BEGIN

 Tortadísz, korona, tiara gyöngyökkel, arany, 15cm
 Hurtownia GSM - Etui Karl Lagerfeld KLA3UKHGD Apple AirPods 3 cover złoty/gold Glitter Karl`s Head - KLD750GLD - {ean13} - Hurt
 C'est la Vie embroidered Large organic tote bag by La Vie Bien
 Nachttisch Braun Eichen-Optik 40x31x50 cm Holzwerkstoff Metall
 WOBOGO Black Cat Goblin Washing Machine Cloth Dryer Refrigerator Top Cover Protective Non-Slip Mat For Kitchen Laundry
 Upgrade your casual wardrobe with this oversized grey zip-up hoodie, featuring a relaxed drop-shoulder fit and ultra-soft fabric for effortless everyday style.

END
BEGIN

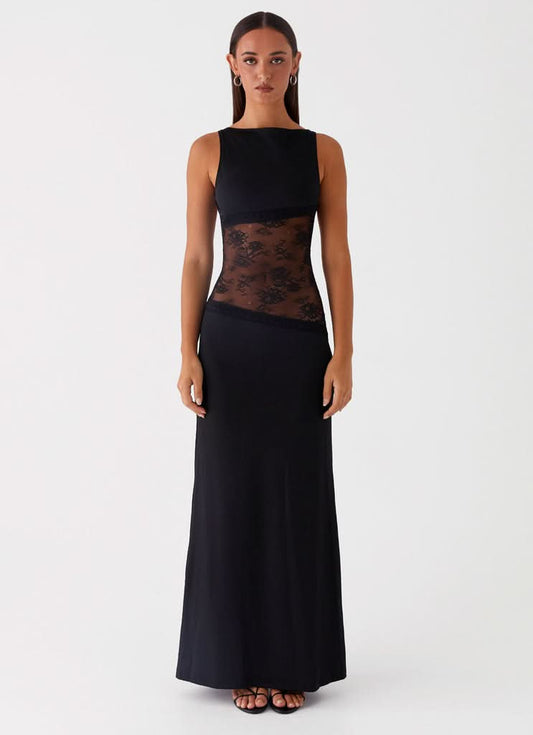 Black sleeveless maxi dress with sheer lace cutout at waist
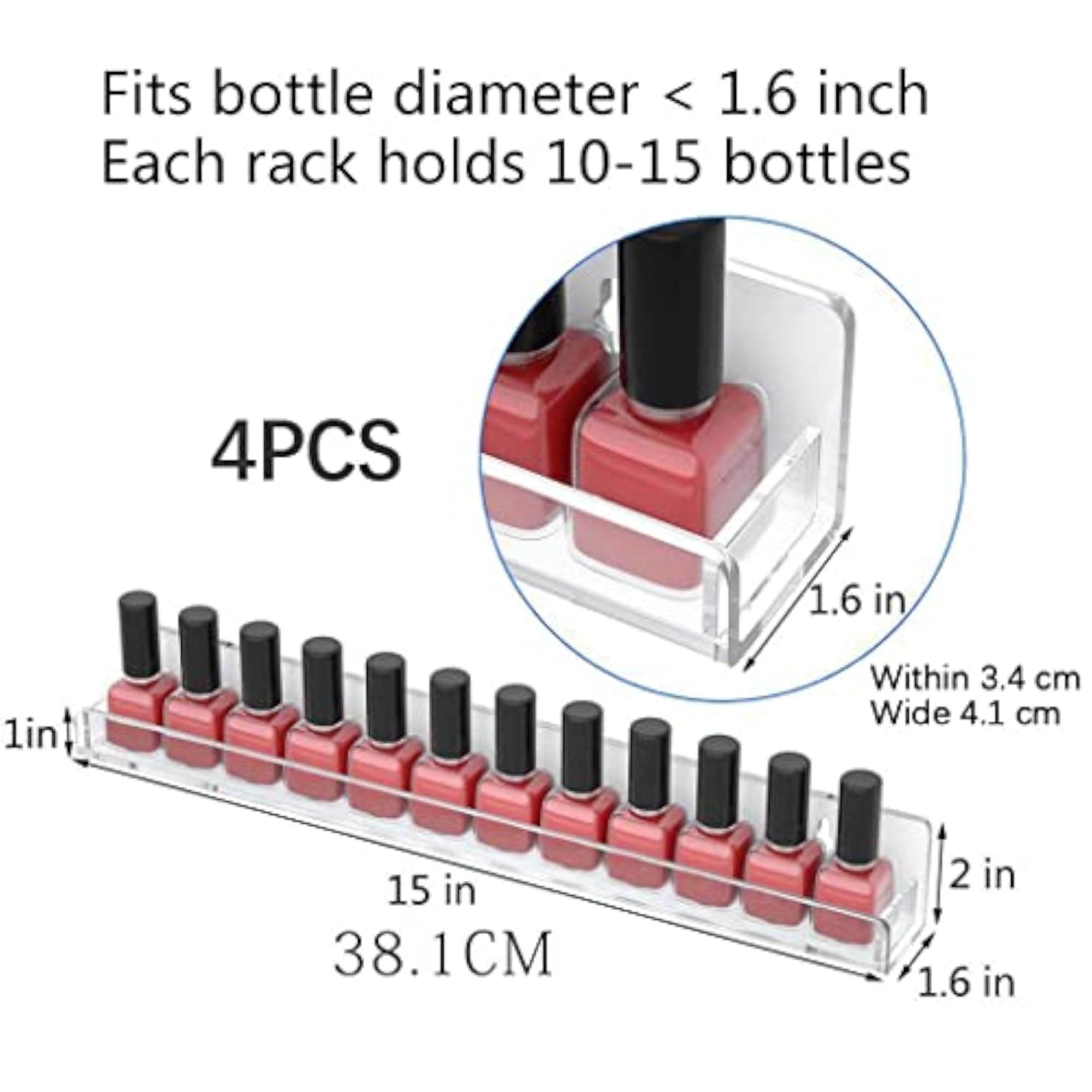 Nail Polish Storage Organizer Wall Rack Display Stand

END
BEGIN

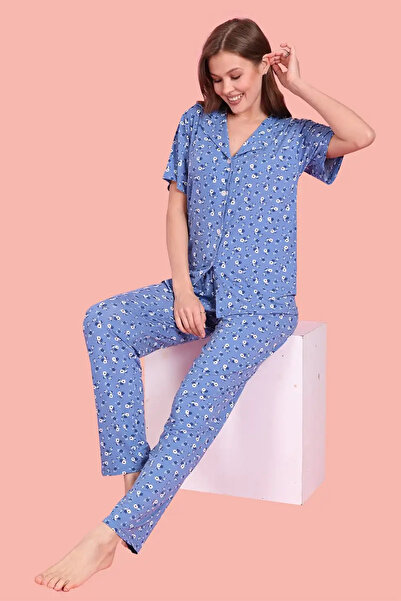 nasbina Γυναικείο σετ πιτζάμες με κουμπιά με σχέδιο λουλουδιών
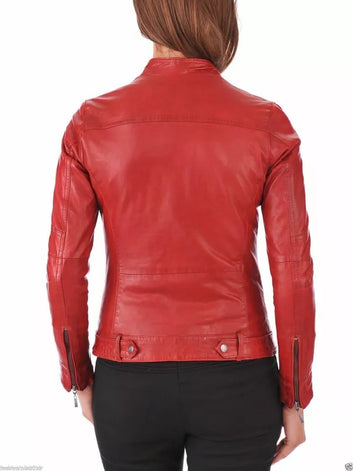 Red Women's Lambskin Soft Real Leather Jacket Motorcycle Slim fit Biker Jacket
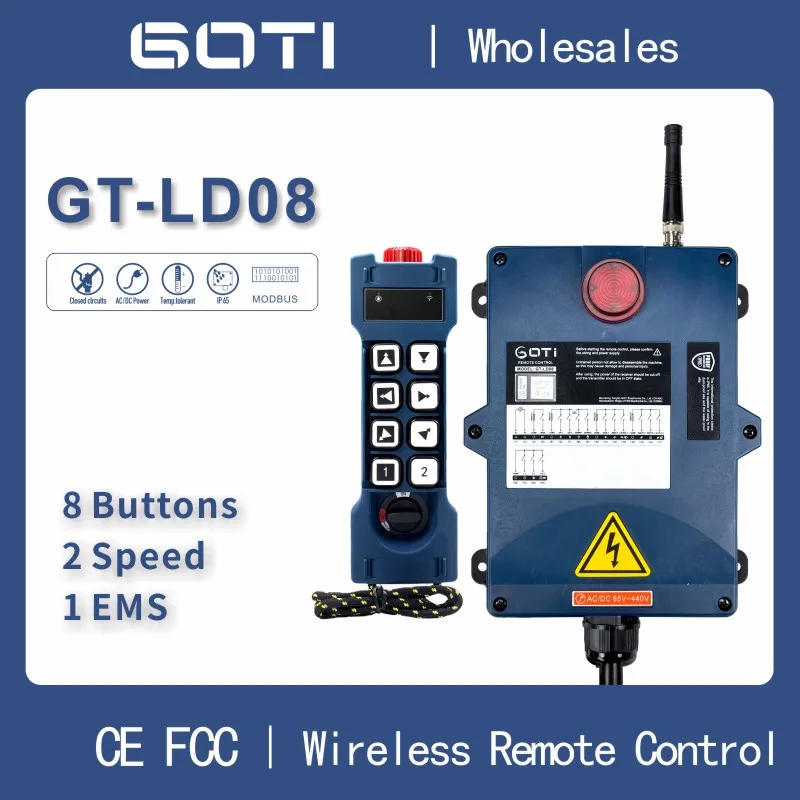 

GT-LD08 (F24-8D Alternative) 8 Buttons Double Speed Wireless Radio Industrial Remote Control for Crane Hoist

END

DIRECTIONS FOR THIS TASK
Please give an exact copy of the lines above, beginning with the line containing "Tortadísz, korona, tiara" and running through the line containing "Nachttisch Braun Eichen-Optik", and of no other lines.

RESPONSE TO THIS EXERCISE
 Tortadísz, korona, tiara gyöngyökkel, arany, 15cm
 Hurtownia GSM - Etui Karl Lagerfeld KLA3UKHGD Apple AirPods 3 cover złoty/gold Glitter Karl`s Head - KLD750GLD - {ean13} - Hurt
 C'est la Vie embroidered Large organic tote bag by La Vie Bien
 Nachttisch Braun Eichen-Optik 40x31x50 cm Holzwerkstoff Metall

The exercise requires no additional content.